I read an interview once where a naturalist was responding to being called a tree-hugger. He basically said: You bet I am--every one of us should feel free to hug the things we love. Yeah, baby! Isn't this what writing is often about? Giving it all an embrace? Even writing full of hate and vitriol is often fuelde by a fierce love of something else. My anti-immigrant buds who tell me I ought to be executed for writing about Beaners, for example, are certainly thinking they love Amurca a whole real big lot, and I don't, so I need to be whupped on. (I've been thinking of upping the political ante by converting Mondays into immigration blogs--Immigration Monday! What do you think? Straight talk about the issues. Like--what, exactly, is the law being broken? Do you know? I didn't.) If you look way back in the archived blogs, you'll find a "Wastelander's Notebook" about my train journey to Missouri to do a reading. I didn't post the second half of that trip, which included a return ride with a group of Kazakh jazz musicians, one of which was a beauty who was looking for an American to marry before her visa ran out. I sat with the Chick Corea of Kazakhstan! Nothing, at all, like Borat. Anyway, one of the peculiar delights of the visit to Missouri was meeting and hanging out with Rush Limbaugh's relatives. I think it suprised us all. We liked each other a whole lot. No whuppings on either side--just Americans gathered at a barbecue.

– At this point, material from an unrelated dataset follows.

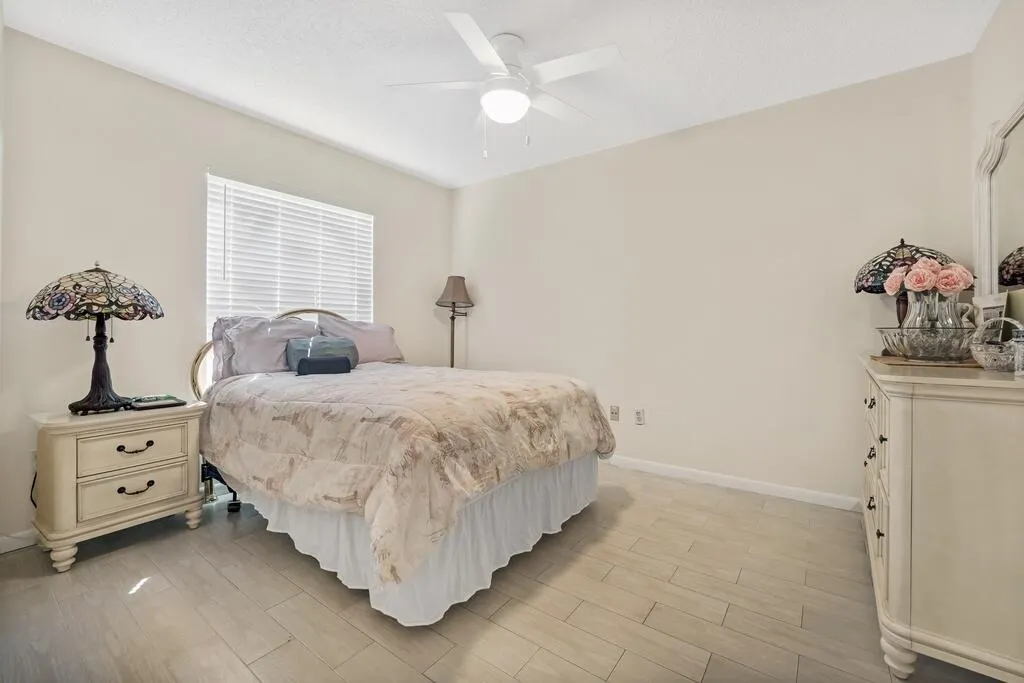 1260 NW 24th Avenue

How can you not want to hug it all? (I don't mean like Ari Gold, on Entourage, either, barking, "Hug it out, bitch!") I would hug the Limbaughs if I saw them. I want to go hug Kazakhstan. I want to hug the train. I try to do this--honoring and love--through the words. (See the Etheridge Knight quote I offered you in a recent meditation.) (I would hug Etheridge Knight.)

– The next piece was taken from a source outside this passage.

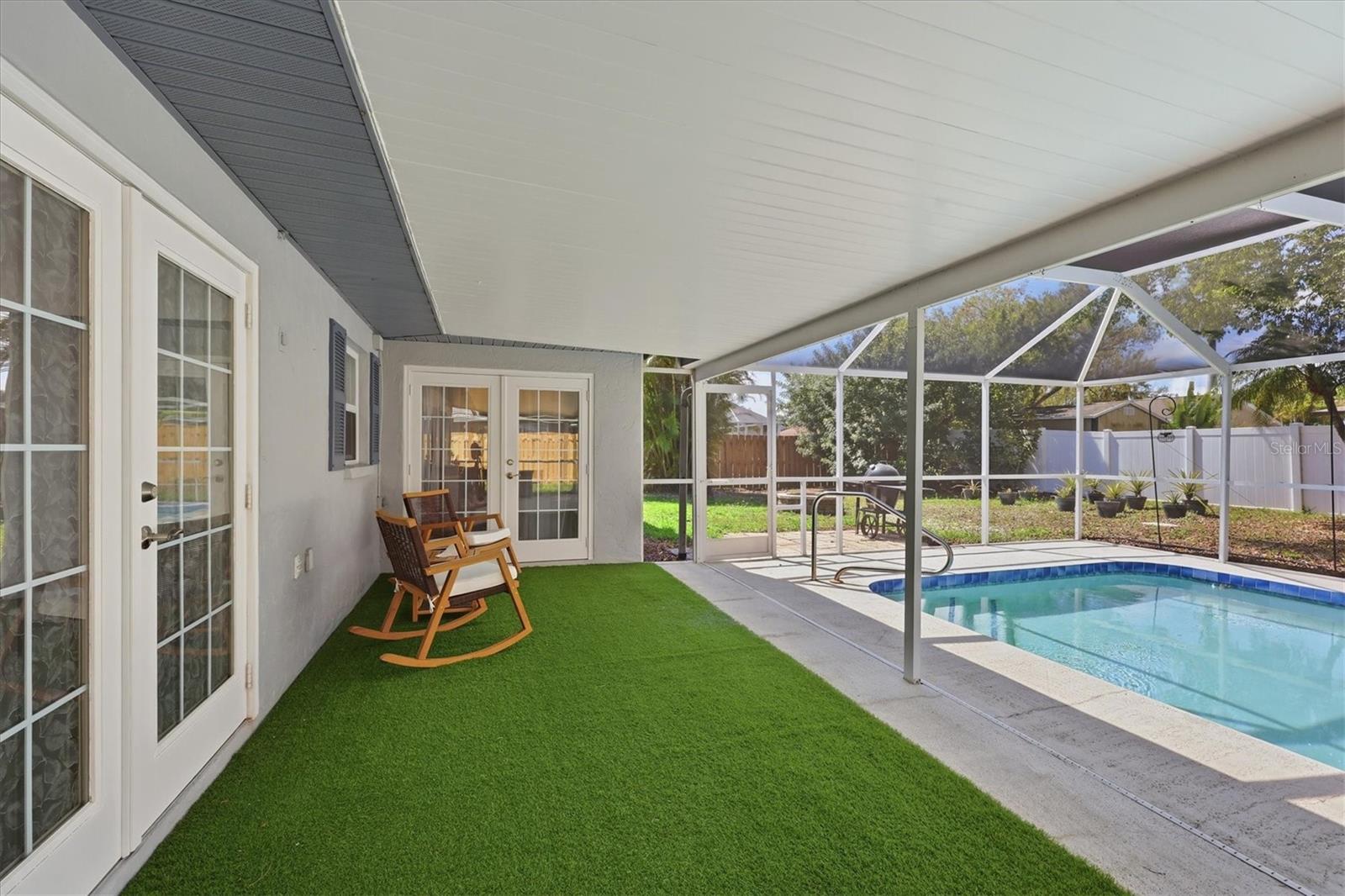 GEORGETOWNE - Residential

Although it's not hip, I believe in God--whom my Sioux bros call "Grandfather." What, now, is prayer for me but an embrace of gratitude? I don't beseech or beg anymore. I don't whine or wheedle or negotiate. I don't ask for $$$. I plant stuff and write stuff and surrender in trust every morning and night. Treehugger!?! I'm a Godhugger! Sorry. Don't mean to preach.

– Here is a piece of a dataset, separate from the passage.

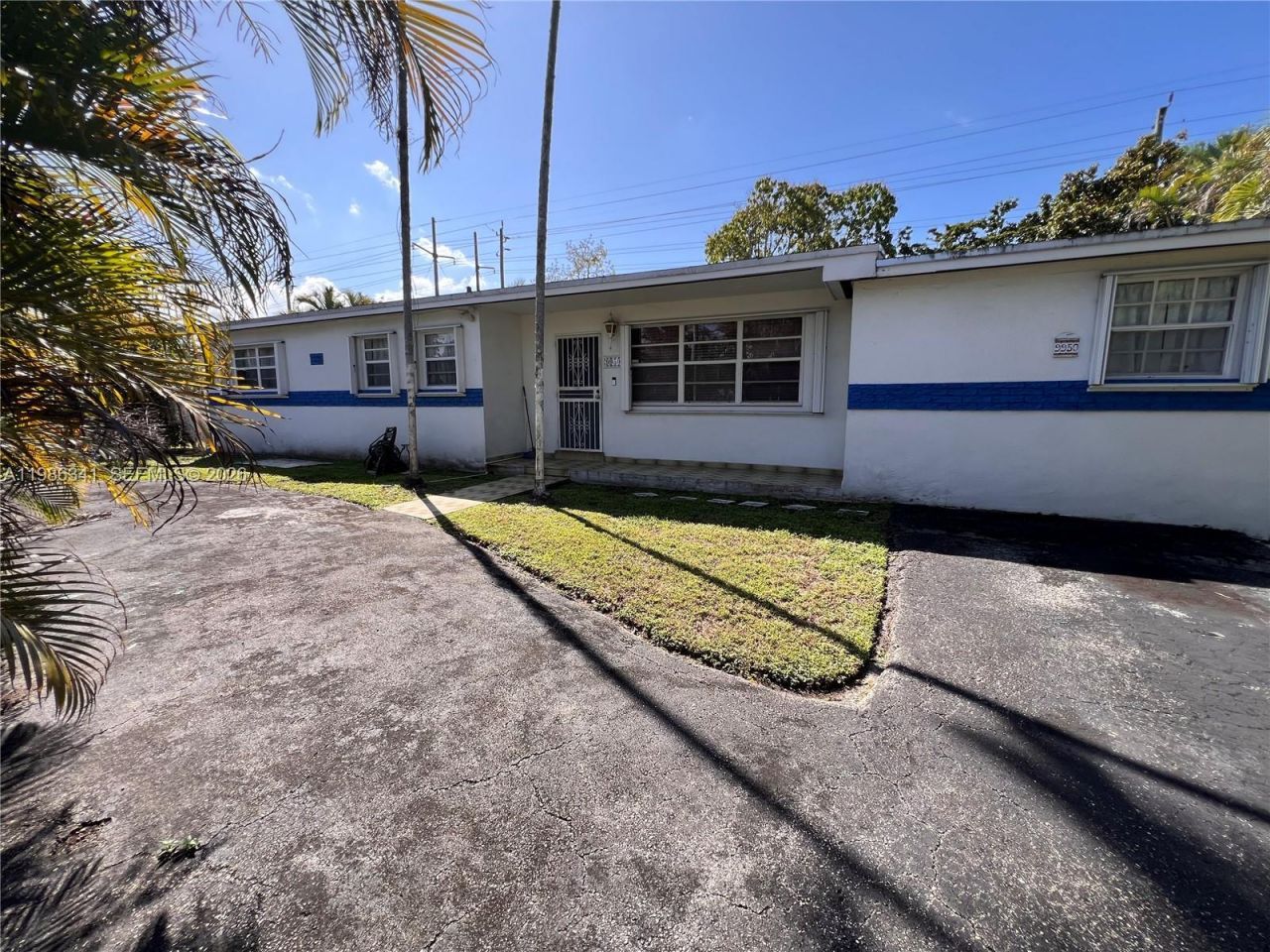 9950 SW 35th Ter, Miami, FL 33165 Photo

Hug a porcupine. Hug a Mustang fastback GT. Hug an aspen tree. Hug a snake. Hug a desert. Hug an orphan. Hug a Border patrol agent. Hug an armadillo. Hug a poet. Hug an ancient building. Hug a line shack. Hug a river. Hug a Mexican. The world's arms are open, and much of the world is lonely and dying for your comforting touch. It's true.

The great and intimidating Vine DeLoria Jr., great thinker, Sioux author of God is Red, was a friend of mine. You couldn't always tell he was your pal because he was a cranky man. But beneath his bluster and hard shell, he was kind. He often reached out to me with a gentle touch that belied his cranky squint. The world was diminished when Vine died. But one day, when we were standing in holy Colorado, beholding the surreal Flatirons over Boulder, I asked him about the spirits. I was getting rolling on Hummingbird's Daughter, and I didn't think I could get to the indigenous concept of Spirits. I was less of a heathenish early-church type than I am now. Less of a treehugger/Godhugger.

Vine said this--and I offer it as your meditation for the day--and I offer it to you in all his cranky, gruff, cigarette-smoke frankness--because Vine wasn't worried like I am about hugging us--believe that:

"When you Christians still had a faith, you used to call the Spirits guardian angels. Your own Bible states that there is an angel given to everything in Creation. Don't you remember that? Our Spirits are your guardian angels. And they're lonely. These mountains are lonely. They don't speak English. These mountains here in Boulder speak Arapaho. But the Arapaho are gone. People use tham all day and never talk to them. I can promise you one thing. If you learned Arapaho, and you went up there al;one, and you sang to these mountains in their tongue--something amazing would happen to you. Lonesome angels right there."

I never learned Arapaho, but I took what he said to heart, and I talked to the angels on every hike thereafter. And Vine was right--the Spirits of the Flatirons and Boulder Creek and the wild apple trees and the waterfalls and the lions and the wildflowers and the bears and the marmots and the wild peas and the glaciers and the high sun and the evolving clouds did speak to me. Things did happen. I am here now, telling you--but this journey really got going on Boulder Creek Path, on the Bluebell Trail, under Devil's Thumb, on the cross-coutry paths beyond Eldorado and across the elk meadows and beaver dams of Rocky Mountain National Park. I like to say I really met myself up there. But maybe, there, I finally met the spirit of writing--that thing that had enflamed me and tormented me and illuminated me and lay in bed with my lovers and confounded me for all those years.

I'm not perfect. None of us are perfect. But if we had eyes to see, we'd know this: none of us is ever alone.

Hey, what are you doing reading this? Get out and write. Hug what you love. Give the angels a poem.

Remember what Neal Cassady said: GRACE BEATS KARMA.